Mon Jun 4 15:35:05 EDT 2007

On 04/06/07, Don Hamilton <dhamilton at wlu.ca> wrote:
>
>
> Appropos the translation problems...
>
> I'm running marc2bre on a gagillion real records today. During the first
> 20,000 or so I get "8no mapping found at position 38 in GROUNDWATER STUDIES
> IN THE ASSINIBOINEÝRIVER DRAINAGE BASIN - PART 1: THE EVALUATION OF A FLOW
> SYSTEM IN SOUTH-CENTRAL SASKATCHEWAN. g0=ASCII_DEFAULT g1=EXTENDED_LATIN at
> /usr/share/perl5/MARC/Charset.pm line 134." twnty or so
> times.
>
>
> I presume, given the umpteen conversions that our marc records have gone
> though (3 original homegrown systems to geac to more home grown systems to
> voyager) that there is crap in my records.
>
> Or, give that the message says ASCII-DEFAULT and EXTENDED LATIN, have I
> missed setting utf-8 (or 16) somehwhere?
>
> Do I care?
>
> don

Hi Don:

The default output format of marc2bre.pl is UTF-8. You don't need to
specify that anywhere.

My first suggestion is to ensure that your MARC::Charset Perl module
is up to date (version 0.96). Sometime within the past month it was
updated to fix a few MARC8 -> UTF8 conversion errors; these might be
biting you if you haven't upgraded recently.

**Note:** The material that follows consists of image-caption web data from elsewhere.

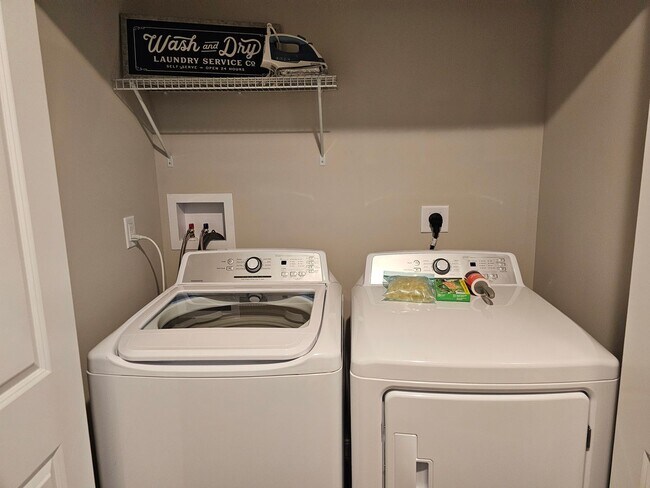 Building Photo - 814 Pierson Rd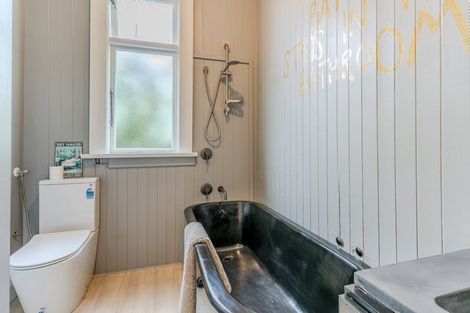 Photo of property in 18 Hart Street, Belleknowes, Dunedin, 9011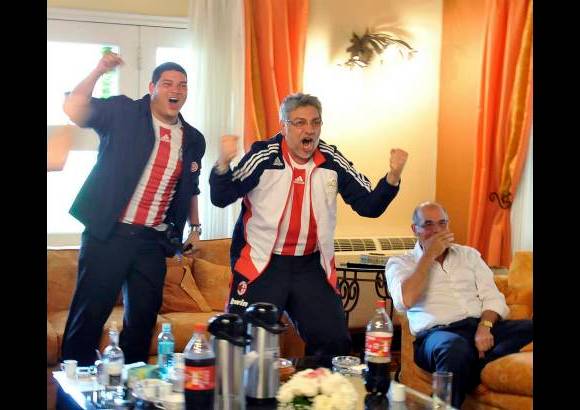 Reuters - El presidente de Paraguay Fernando Lugo celebró el gol de su país.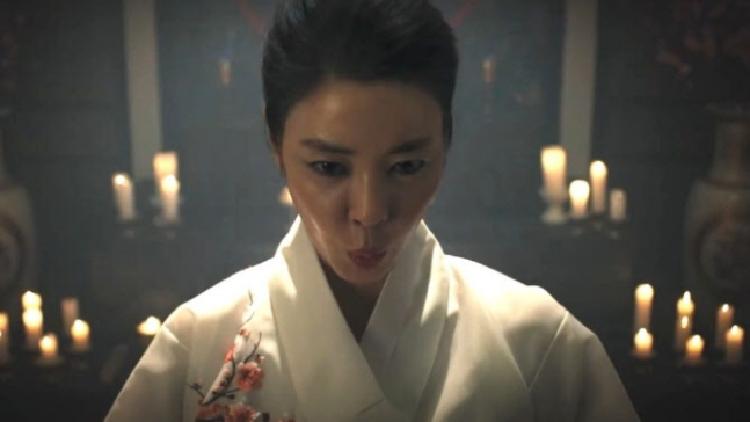 영화 신명 리뷰, 현실보다 더 현실 같은 오컬트 정치극! 김규리 연기 소름 돋는 이유는?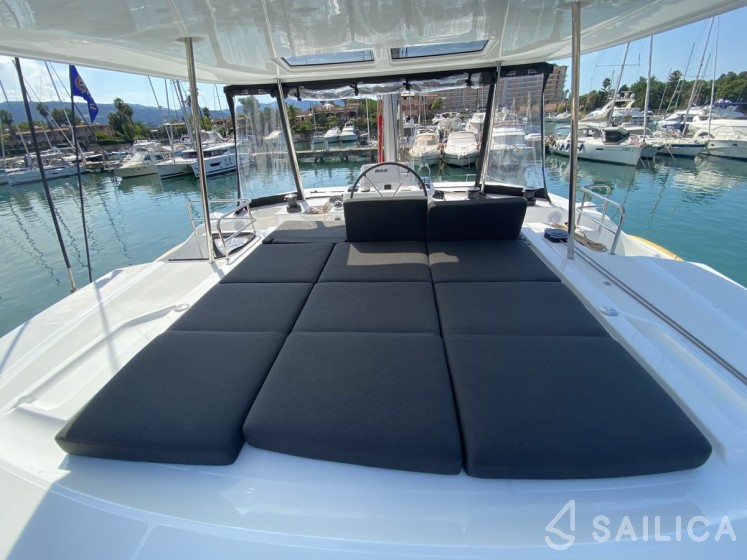 Lagoon 50 - Yacht Charter Sailica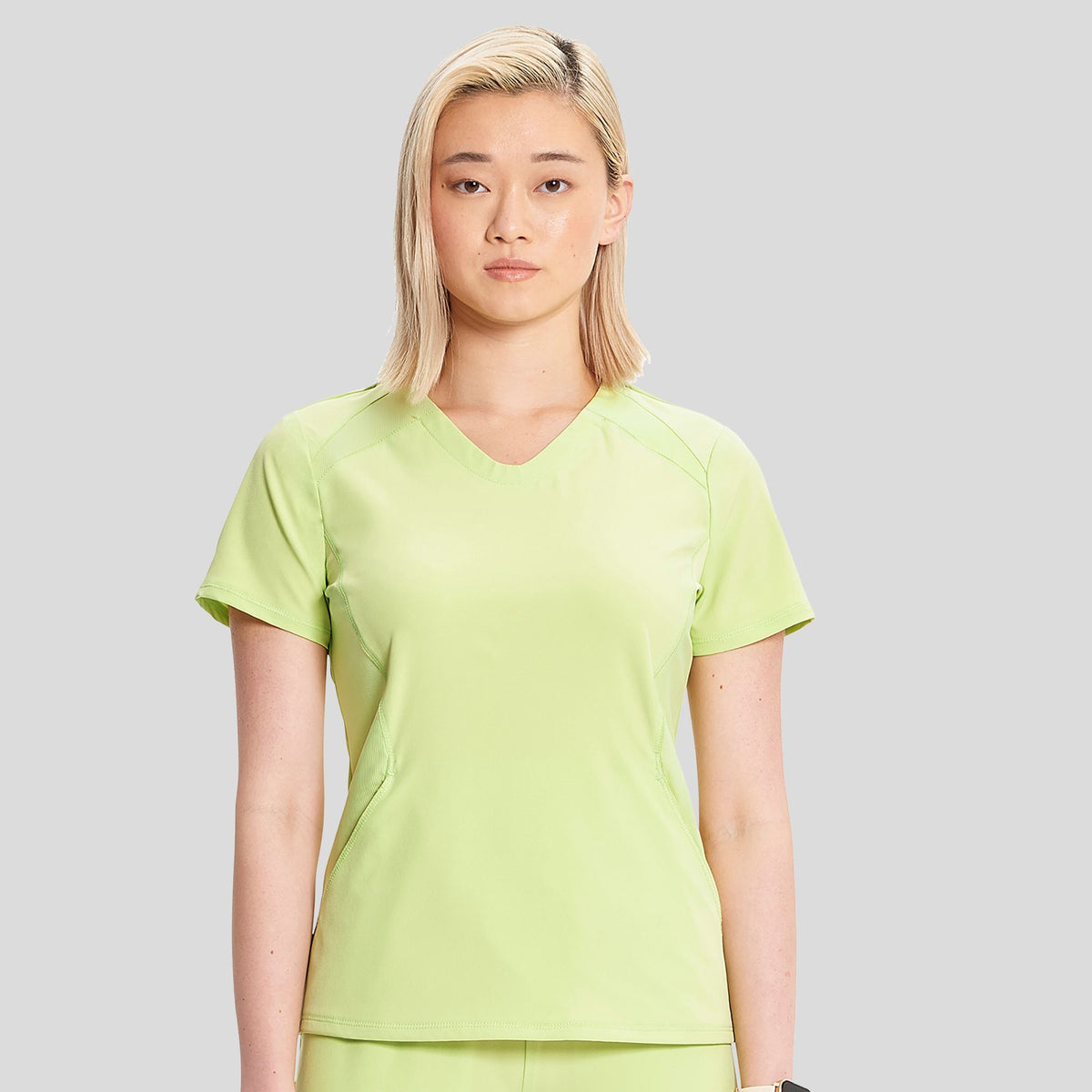 IN_INFINITY_GNR8_VNECKTOP_620A_GREENENERGY_FRONT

If that doesn't help, and you suspect that your records contain 'crap'
using a different encoding like "CP850", you could try passing the
--encoding parameter to marc2bre.pl. By default, marc2bre.pl assumes
that your records are sourced in MARC8 encoding (because hey - the
only valid encodings for MARC21 are MARC8 and UTF8), but you can
override that with the --encoding parameter (e.g. marc2bre.pl
--encoding CP850 blah.mrc). I haven't played with that setting very
much, however, so your mileage may vary.

-- 
Dan Scott
Laurentian University